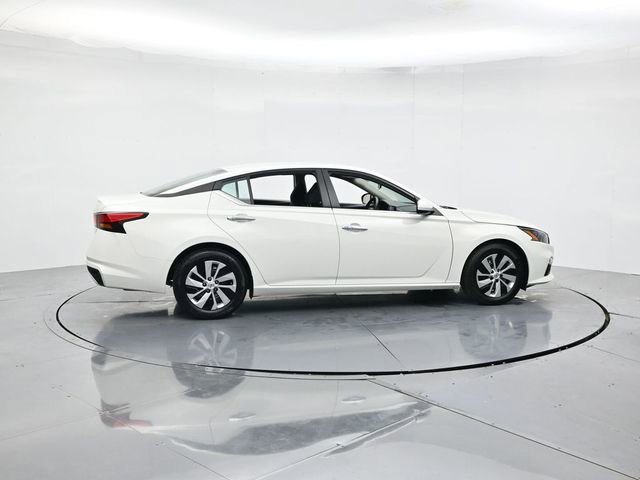 Used 2022 Nissan Altima 2.5 S image 2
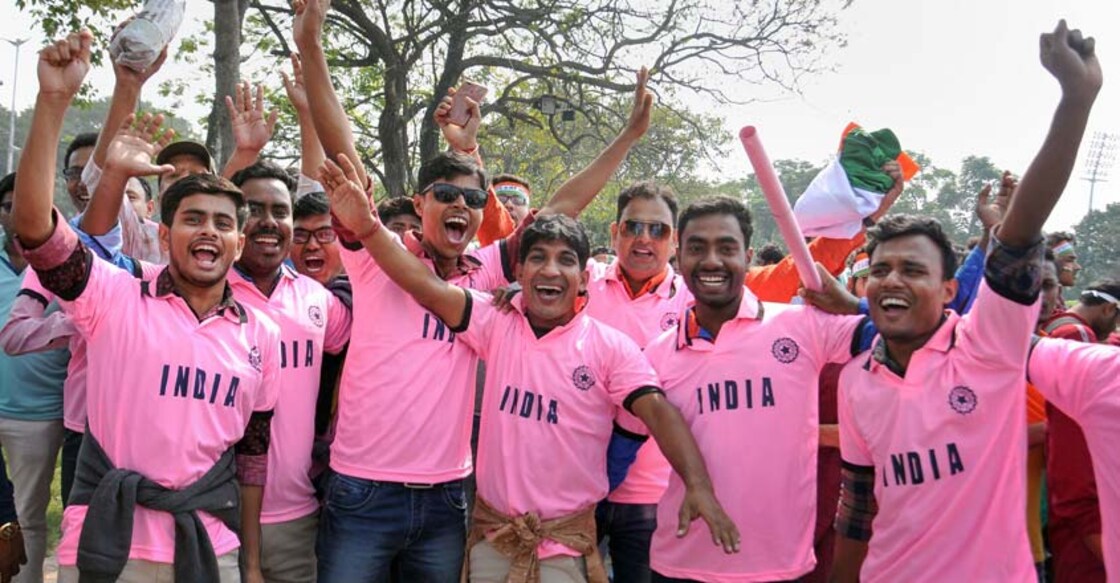 Pink fever grips Eden Gardens as India embrace Day/Night Tests
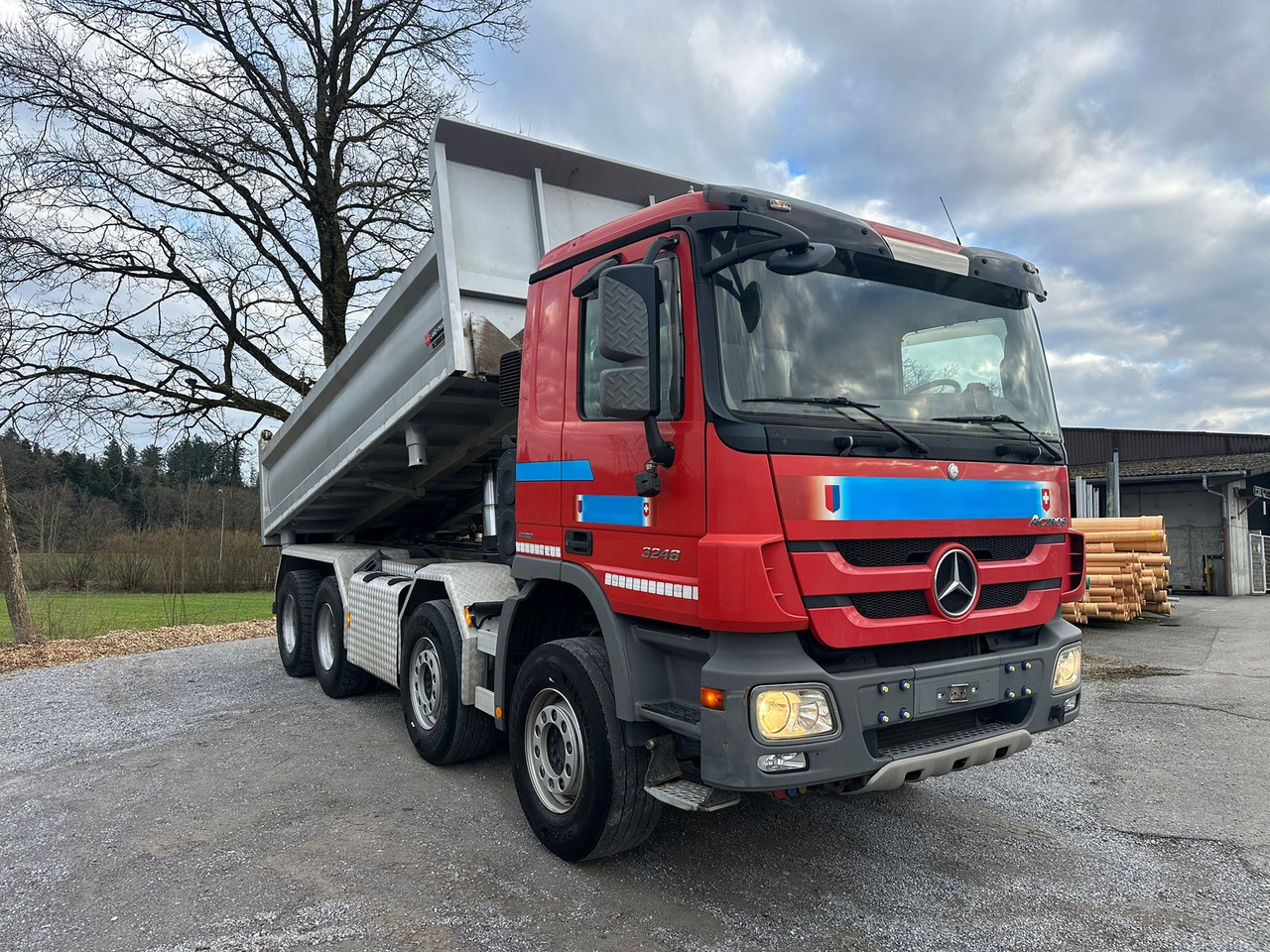 MERCEDES-BENZ Actros 3248 8x4 Kipper - Istovarivač: slika 3 MERCEDES-BENZ Actros 3248 8x4 Kipper - Istovarivač: slika 3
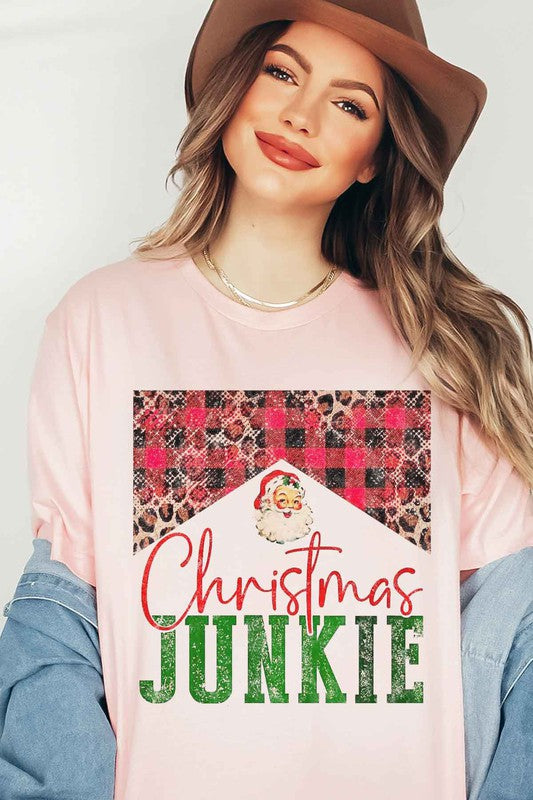 CHRISTMAS JUNKIE GRAPHIC PLUS SIZE TEE / T-SHIRT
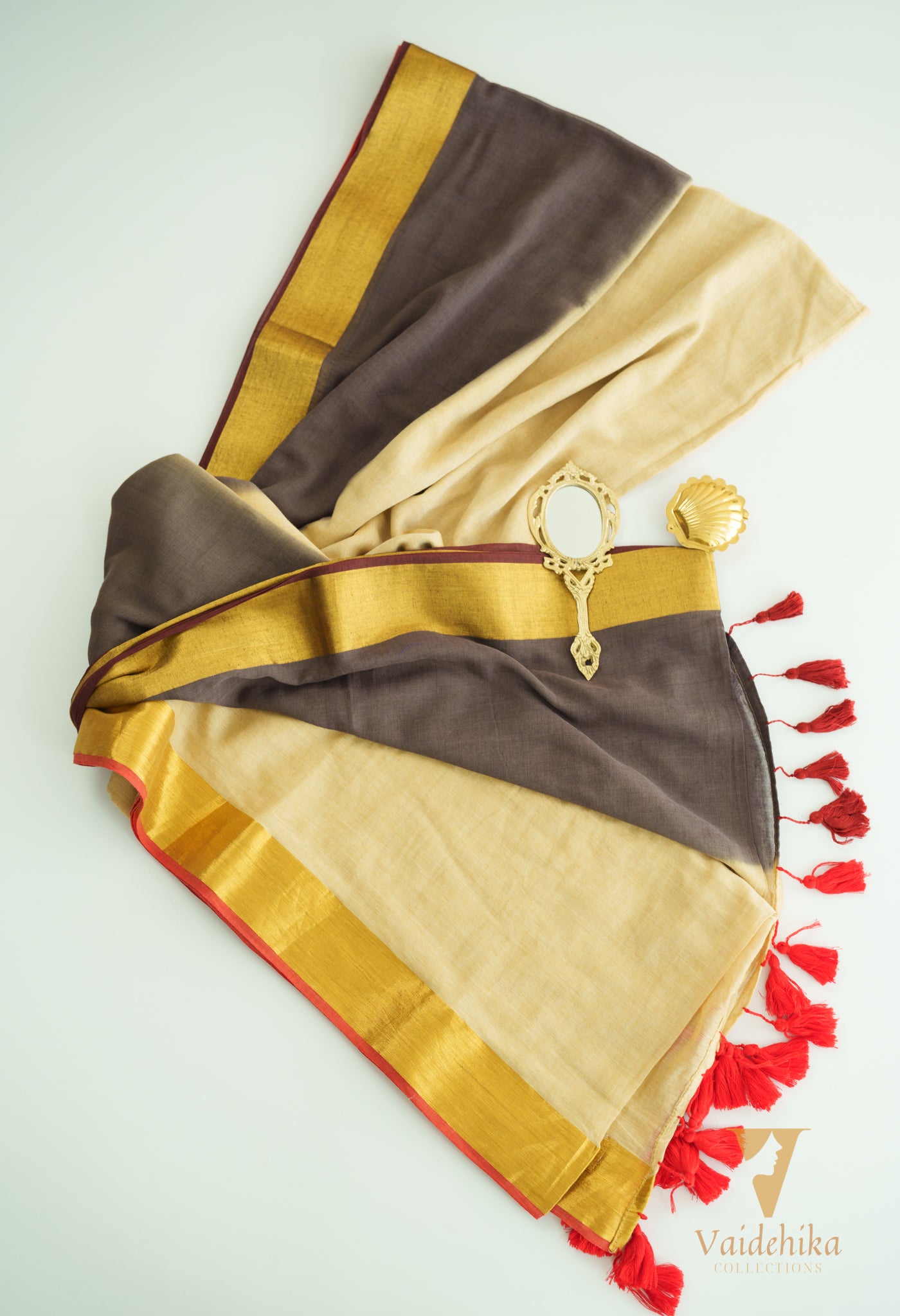Meghana Grey Saree-VCM083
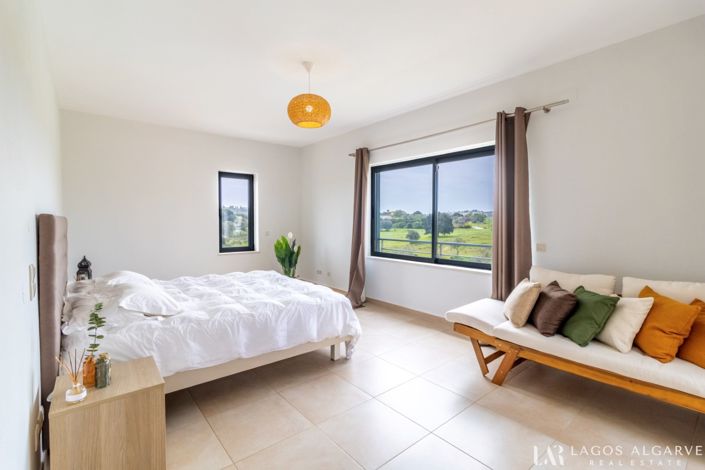 Image No.27-4 Bed Villa for sale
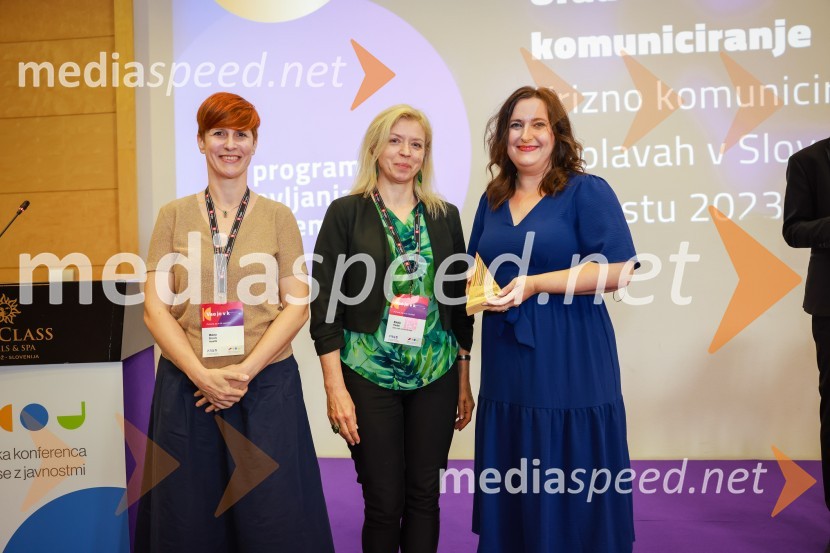  Mateja Breznik, Novartis;  Nataša Pavšek, Urad vlade za komuniciranje;  ... 26. SKOJ, prvi dan konference in podelitev nagrad Prizma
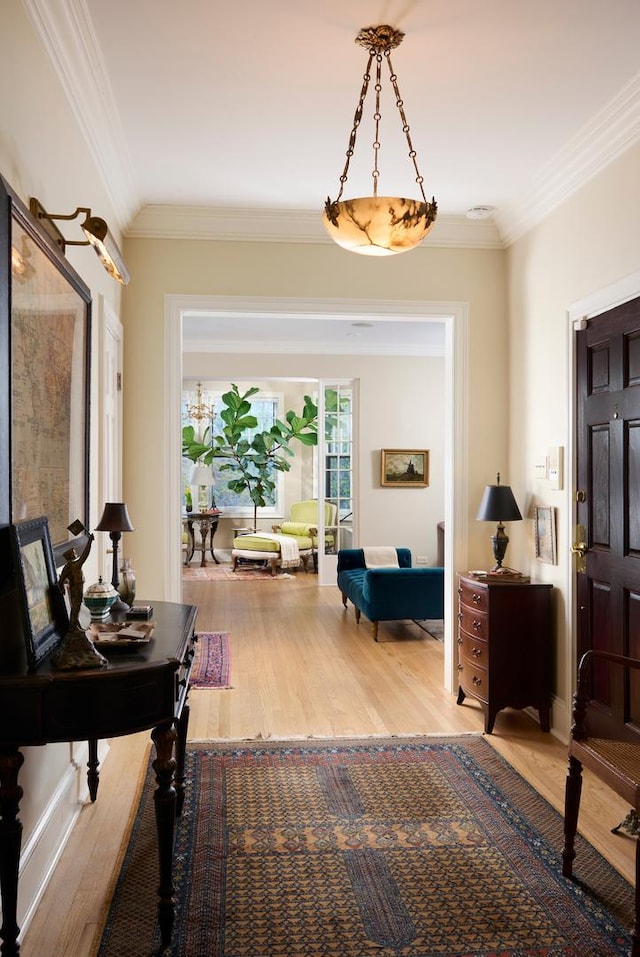 635 W Sheridan Rd Unit 3, Chicago, IL 60613 - corridor with wood finished floors and crown molding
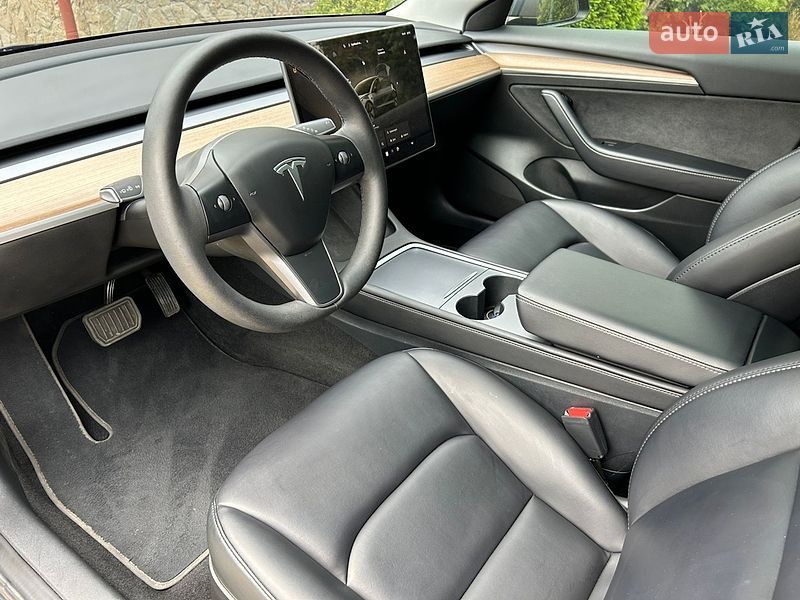 Седан Tesla Model 3 2023 в Львове фото 15 Седан Tesla Model 3 2023 в Львове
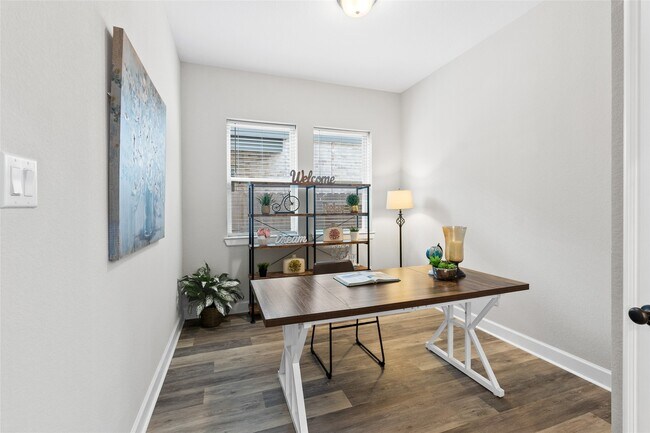 Building Photo - 23726 Pullin Market Dr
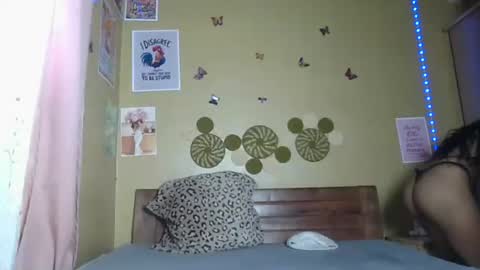 Snapshot of litlecarene chatting on 12.16.25 litlecarene online show from 12.16.25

• [TASK INSTRUCTIONS]: Restate each entry exactly, omitting pictures.

• [EXERCISE ANSWER]:
 Used 2022 Nissan Altima 2.5 S image 2
 Pink fever grips Eden Gardens as India embrace Day/Night Tests
 MERCEDES-BENZ Actros 3248 8x4 Kipper - Istovarivač: slika 3 MERCEDES-BENZ Actros 3248 8x4 Kipper - Istovarivač: slika 3
 CHRISTMAS JUNKIE GRAPHIC PLUS SIZE TEE / T-SHIRT
Meghana Grey Saree-VCM083
 Image No.27-4 Bed Villa for sale
  Mateja Breznik, Novartis;  Nataša Pavšek, Urad vlade za komuniciranje;  ... 26. SKOJ, prvi dan konference in podelitev nagrad Prizma
 635 W Sheridan Rd Unit 3, Chicago, IL 60613 - corridor with wood finished floors and crown molding
 Седан Tesla Model 3 2023 в Львове фото 15 Седан Tesla Model 3 2023 в Львове
 Building Photo - 23726 Pullin Market Dr
 Snapshot of litlecarene chatting on 12.16.25 litlecarene online show from 12.16.25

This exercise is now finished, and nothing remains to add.